Na het lijden kwam de grote blijdschap over de verrijzenis; een duidelijke en stevige grondslag voor ons geloof! Wij zouden nu niet meer mogen twijfelen. Maar misschien zijn wij nog zwak, net zoals de apostelen, en vragen wij op deze Hemelvaartsdag aan Christus: Heer, gaat Gij in deze tijd voor Israël het koninkrijk herstellen? (Hand 1, 6). Zal onze twijfel en onze ellende nu definitief verdwijnen?

Het antwoord van de Heer is zijn hemelvaart. Net Heerals de apostelen zijn wij zowel verbaasd als bedroefd nu we zien dat Hij ons achterlaat.

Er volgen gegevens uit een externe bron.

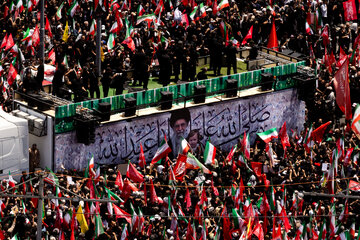 مراسم تشییع پیکر مطهر رهبر شهید انقلاب - تهران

Het is zeker niet gemakkelijk aan de fysieke afwezigheid van Jezus te wennen. Ik vind het aangrijpend dat Hij met een schitterend gebaar van liefde is weggegaan en toch is gebleven. Hij is naar de hemel gegaan en in de heilige Hostie heeft Hij zich aan ons als voedsel gegeven. Maar we missen zijn menselijk woord, zijn manier van doen, van kijken, van glimlachen en van weldoen. Wij zouden Hem graag nog eens van dichtbij zien wanneer Hij vermoeid van de zware tocht bij de put gaat zitten,[Zie Joh 4, 6) wanneer Hij huilt om Lazarus (zie Joh 11, 35), lang achter elkaar bidt (zie Lc 6, 12), of medelijden heeft met de menigte! (zie Mt 15, 32; Mc 8, 2).

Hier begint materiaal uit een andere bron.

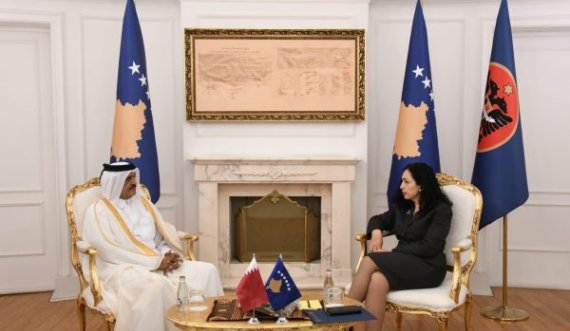 Presidentja takohet me ambasadorin e Katarit, i kërkon investime në Kosovë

Ik heb het altijd vanzelfsprekend gevonden, en ik ben er ook altijd blij om geweest, dat de allerheiligste mensheid van Jezus naar de heerlijkheid van de Vader is opgestegen, maar ik denk dat een spoor van droefheid op Hemelvaartsdag ook een teken van liefde is. Hij is volmaakt God en Hij is mens geworden, volmaakt mens, vlees van ons vlees en bloed van ons bloed. En Hij verlaat ons om naar de hemel op te stijgen. Dan moeten we Hem toch wel missen?

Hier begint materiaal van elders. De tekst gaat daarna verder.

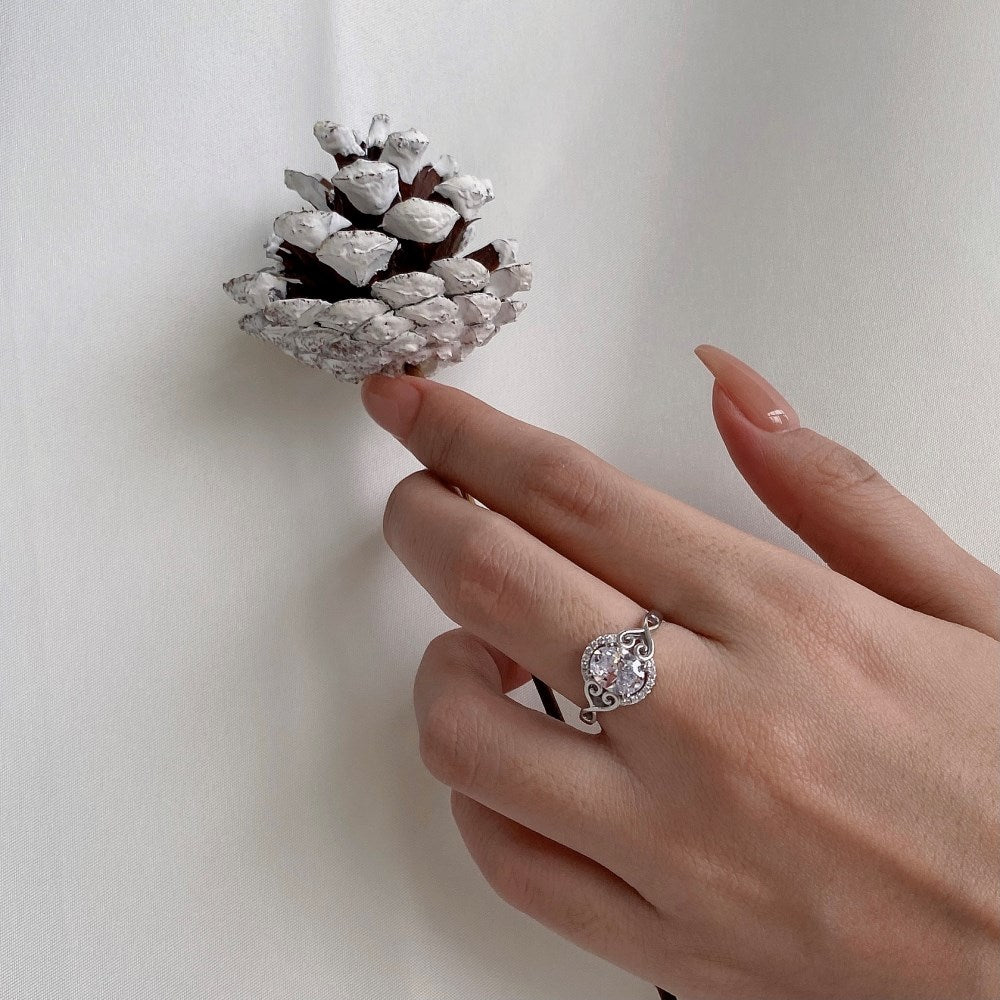 Silver Zircon Oval Cut Twisted Inlaid Halo Ring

In gesprek met Jezus in het Brood en in het Woord

Als we het mysterie van Christus overwegen en Hem met een zuivere blik willen zien, dan zullen we merken dat we ook nu heel dicht bij Hem kunnen komen, bij zijn ziel en bij zijn lichaam. Hij heeft ons duidelijk de weg gewezen: het Brood en het Woord. We voeden ons met de Eucharistie, nemen kennis van wat Hij ons is komen leren en brengen dat in praktijk, en tegelijk spreken we met Hem in ons gebed. Wie mijn vlees eet en mijn bloed drinkt, blijft in Mij en Ik in hem (Joh 6, 57). Wie mijn geboden onderhoudt die hij heeft ontvangen, hij is het die Mij liefheeft. En wie Mij liefheeft zal door mijn Vader bemind worden; ook Ik zal hem beminnen en Ik zal Mij aan hem openbaren (Joh 14, 21).

Dat zijn meer dan beloften. Het is de kern en de realiteit van echt leven: het leven van de genade, dat maakt dat we persoonlijk en rechtstreeks met God kunnen omgaan. Als gij mijn geboden onderhoudt, zult gij in mijn liefde blijven, gelijk Ik, die de geboden van mijn Vader heb onderhouden in zijn liefde blijf (Joh 15, 10). Deze uitspraak van Jezus bij het Laatste Avondmaal is de beste inleiding op de dag van zijn hemelvaart. Hij wist dat Hij moest gaan, want op een mysterieuze manier die wij nooit zullen kunnen begrijpen zou na zijn hemelvaart de derde Persoon van de allerheiligste Drie-eenheid komen, door een nieuwe uitstorting van de goddelijke liefde: Toch zeg Ik u de waarheid. Het is goed voor u dat Ik heenga; want als Ik niet heenga, zal de Helper niet tot u komen. Nu ik wel ga zal ik Hem tot u zenden (Joh 16, 7).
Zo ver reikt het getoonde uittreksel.